◆ Work order:
In the data that follows, find each line containing "Women" and copy it.

[Items from a dataset]
%%
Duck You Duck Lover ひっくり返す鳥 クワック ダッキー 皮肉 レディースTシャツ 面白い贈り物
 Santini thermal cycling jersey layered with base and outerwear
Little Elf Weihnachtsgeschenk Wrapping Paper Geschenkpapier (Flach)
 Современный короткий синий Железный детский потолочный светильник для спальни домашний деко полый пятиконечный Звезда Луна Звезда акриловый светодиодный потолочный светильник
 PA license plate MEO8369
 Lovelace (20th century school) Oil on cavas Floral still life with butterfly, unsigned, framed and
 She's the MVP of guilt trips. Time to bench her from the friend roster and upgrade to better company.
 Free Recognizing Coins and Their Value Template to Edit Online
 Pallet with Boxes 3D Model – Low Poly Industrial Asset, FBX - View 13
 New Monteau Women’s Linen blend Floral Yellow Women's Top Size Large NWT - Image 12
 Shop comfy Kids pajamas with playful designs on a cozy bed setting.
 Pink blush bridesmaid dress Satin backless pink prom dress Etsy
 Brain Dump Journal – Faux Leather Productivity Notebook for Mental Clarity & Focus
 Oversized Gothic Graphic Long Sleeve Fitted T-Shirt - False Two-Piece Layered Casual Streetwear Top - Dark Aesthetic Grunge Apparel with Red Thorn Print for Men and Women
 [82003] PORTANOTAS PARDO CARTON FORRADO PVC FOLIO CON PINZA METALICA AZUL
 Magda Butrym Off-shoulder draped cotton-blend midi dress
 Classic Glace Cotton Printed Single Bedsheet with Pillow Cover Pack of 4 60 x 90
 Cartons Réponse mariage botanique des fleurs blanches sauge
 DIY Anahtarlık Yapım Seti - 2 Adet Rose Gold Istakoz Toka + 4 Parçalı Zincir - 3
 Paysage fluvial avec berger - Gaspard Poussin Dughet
%%
◆ Exercise solution:
 New Monteau Women’s Linen blend Floral Yellow Women's Top Size Large NWT - Image 12
 Oversized Gothic Graphic Long Sleeve Fitted T-Shirt - False Two-Piece Layered Casual Streetwear Top - Dark Aesthetic Grunge Apparel with Red Thorn Print for Men and Women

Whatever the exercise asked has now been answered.